YOUR TASK> Omit all pictures, and print word for word only the lines from the one containing "Gaziantep'te feci kaza: 1 ölü, 7 yaralı" through the end of the data.

SUPPLIED INFORMATION>
════
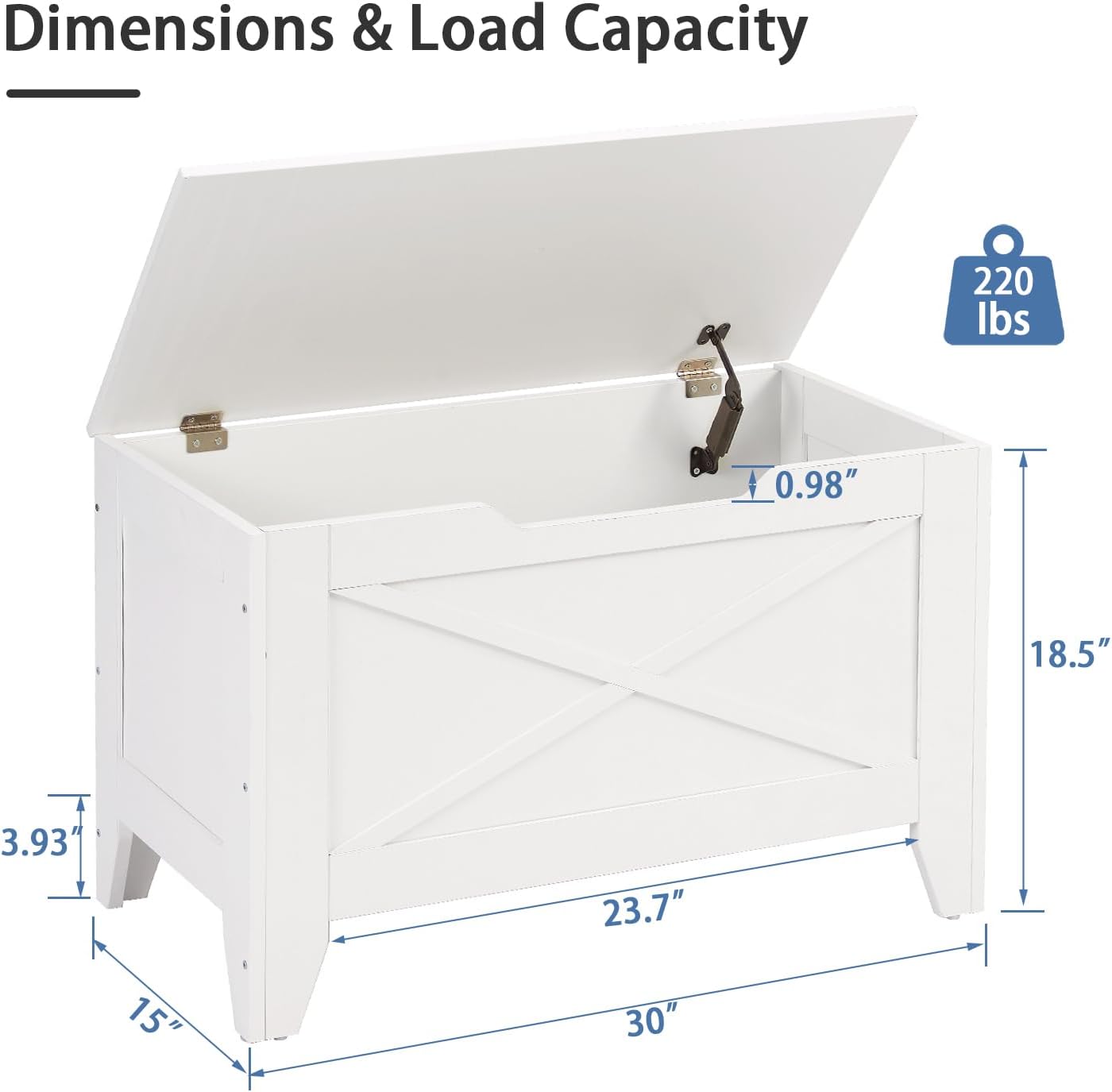 VECELO Modern Shoe Bench for Storage,Toy Chest Ottoman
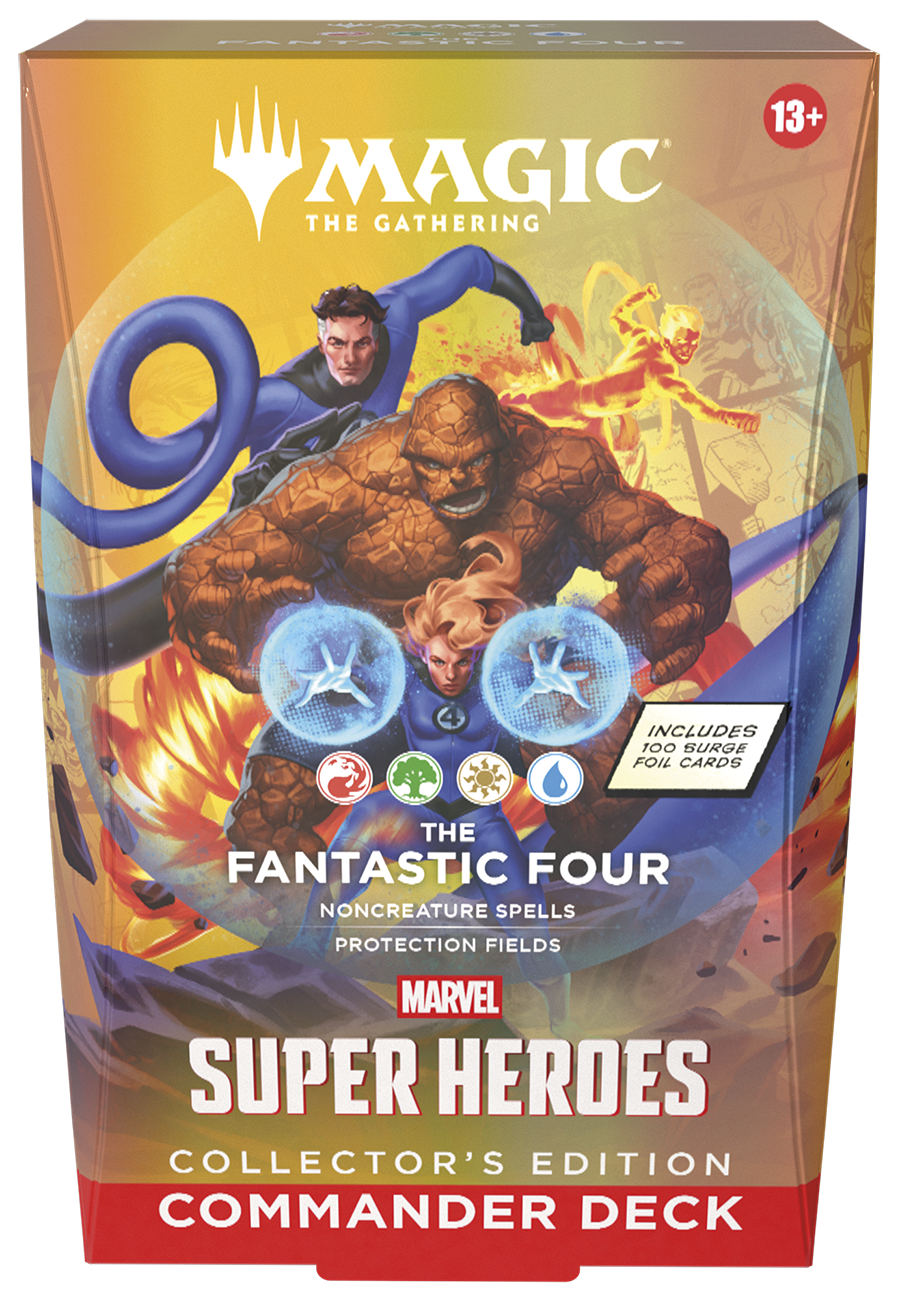 Magic the Gathering: Talia dowódcy Marvel Super Heroes – Fantastyczna Czwórka – edycja kolekcjonerska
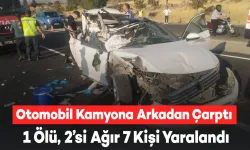 Gaziantep'te feci kaza: 1 ölü, 7 yaralı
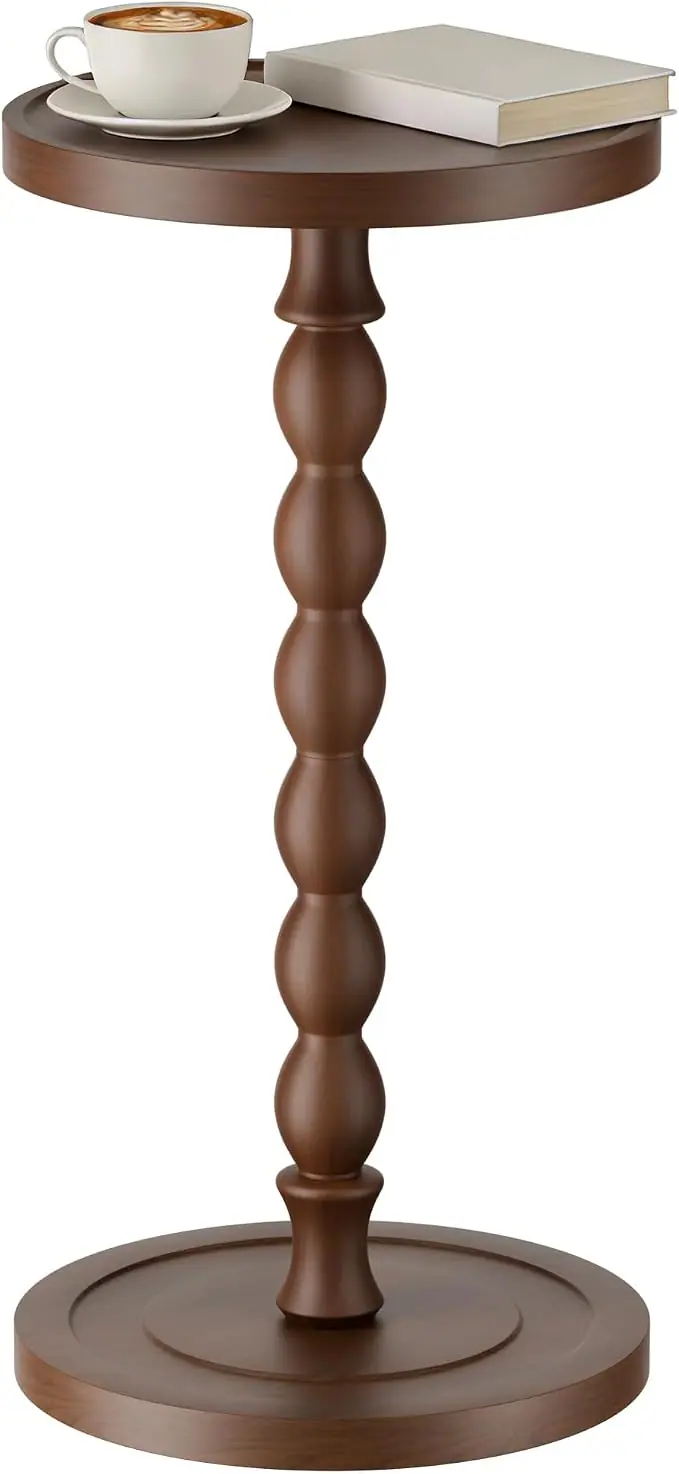 Small Side Table, Rubberwood Drink Table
════
SOLUTION TO THE PROBLEM>
 Gaziantep'te feci kaza: 1 ölü, 7 yaralı
 Small Side Table, Rubberwood Drink Table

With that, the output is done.